── EXERCISE INPUTS

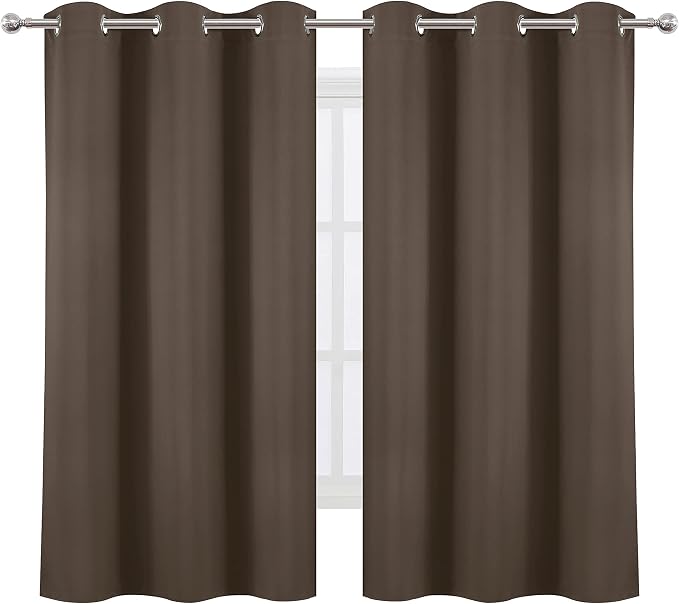 LEMOMO Chocolate Brown Blackout Curtains 42 x 63 Inch Length/Set of 2 Curtain - Image 2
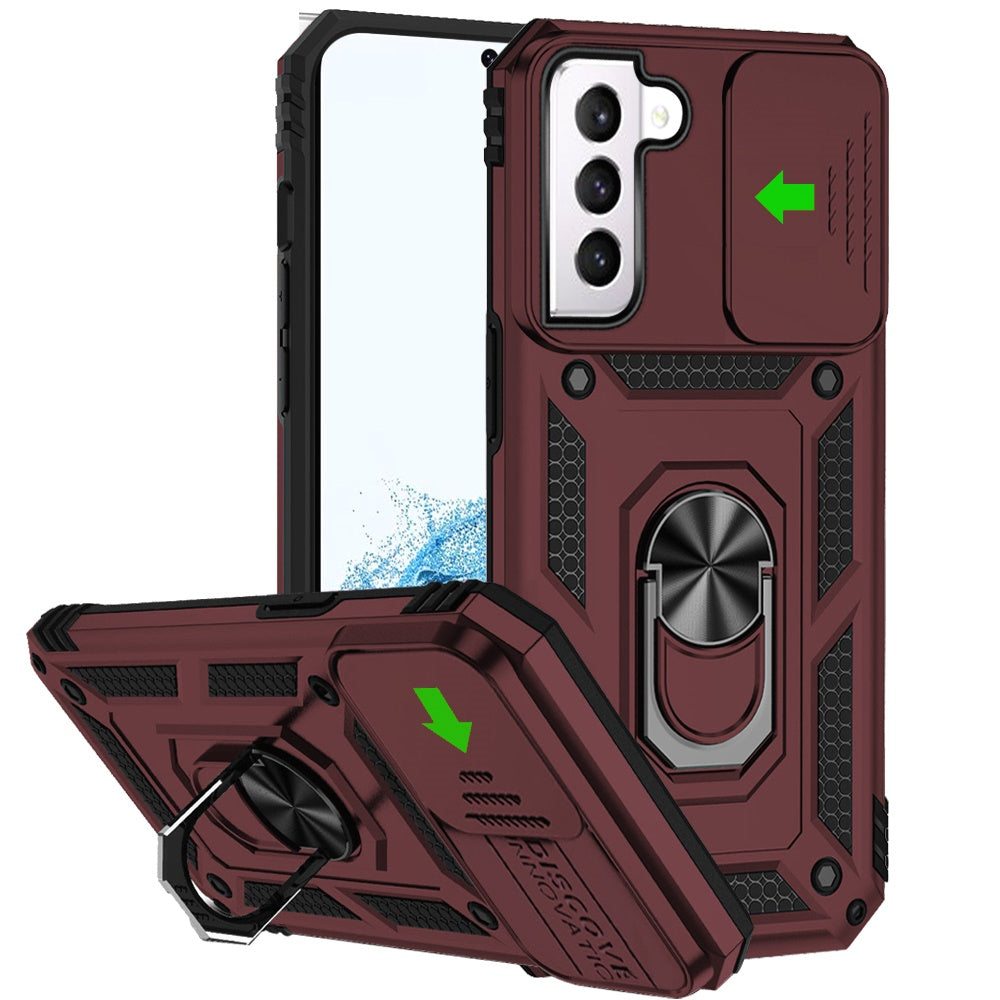 For Samsung Galaxy S22 Ultra Hybrid Case with Stand, Camera Lens Protection & 360° Rotate Ring, Shockproof, Soft Bumper Burgundy Phone Case Cover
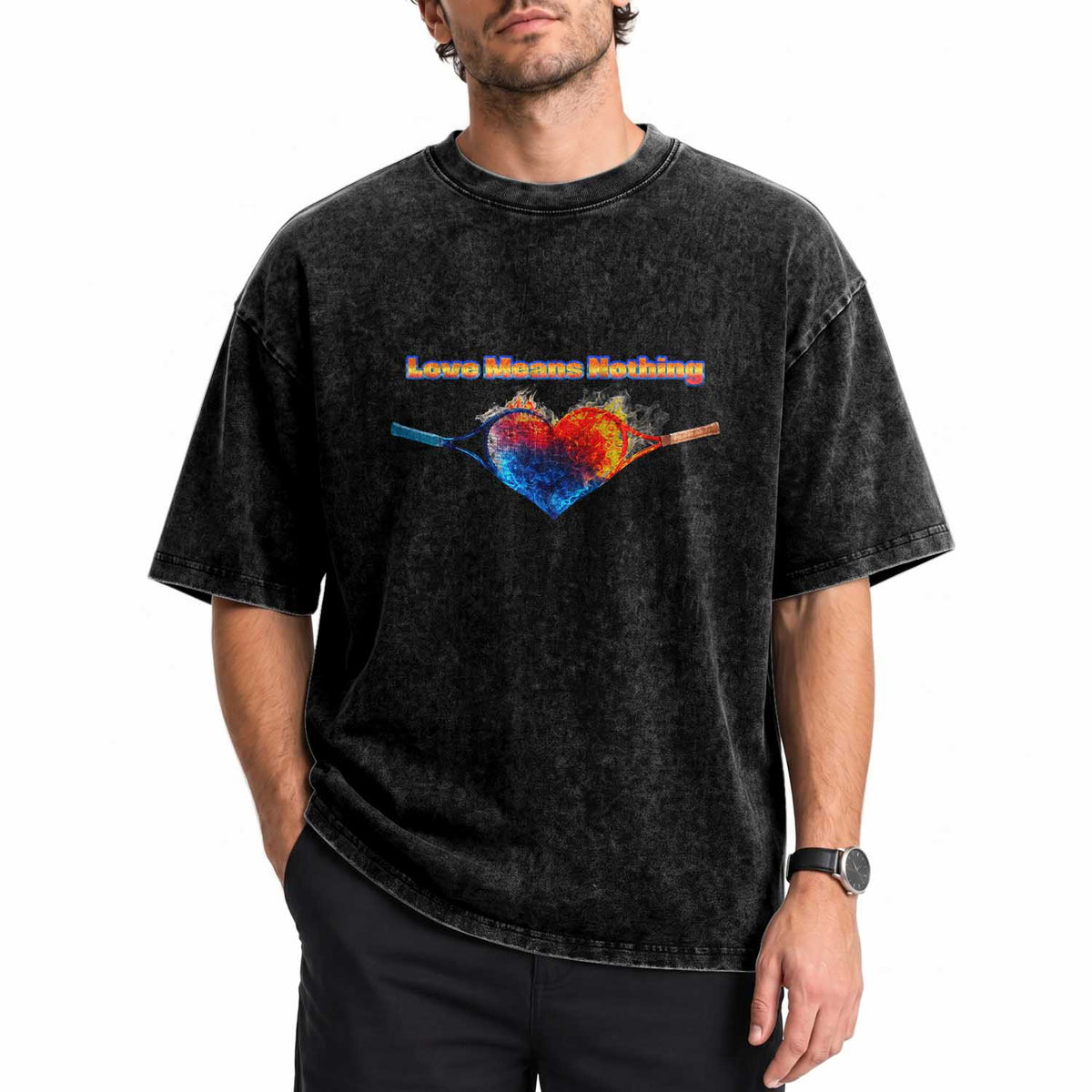 Love Means Nothing Washed Cotton T-Shirt Valentines Day Gift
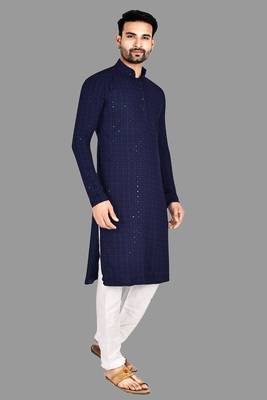 Mens pattern stitched kurta with churidar kurta-pajama 4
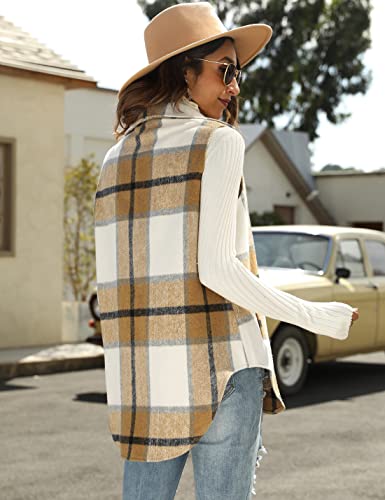 UANEO Womens Fall Flannel Plaid Vest Button Down Sleeveless Shirt Jacket With Pockets (Khaki-M)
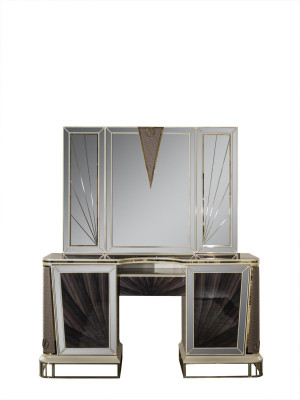 Luxus Make-up Dësch Design Konsolendësch Kommode Make-up Dëscher Spigel 2-Stéck.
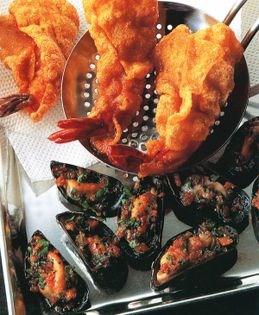 Grilled mussels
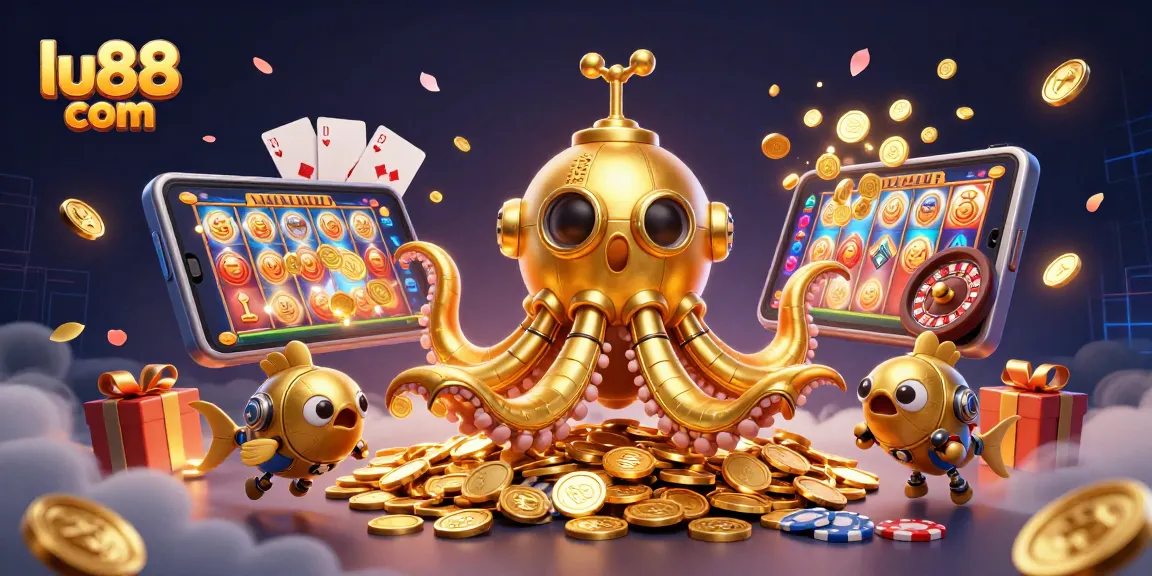 Spin the reels at lu88 com with a vibrant 3D kraken and magical game elements.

────

◆ **WORK TO COMPLETE**
In the listing above, find the line with "Love Means Nothing" and the line with "UANEO Womens Fall". Output both, plus every line between them, and no pictures.

◆ **ANSWER SECTION**
 Love Means Nothing Washed Cotton T-Shirt Valentines Day Gift
 Mens pattern stitched kurta with churidar kurta-pajama 4
 UANEO Womens Fall Flannel Plaid Vest Button Down Sleeveless Shirt Jacket With Pockets (Khaki-M)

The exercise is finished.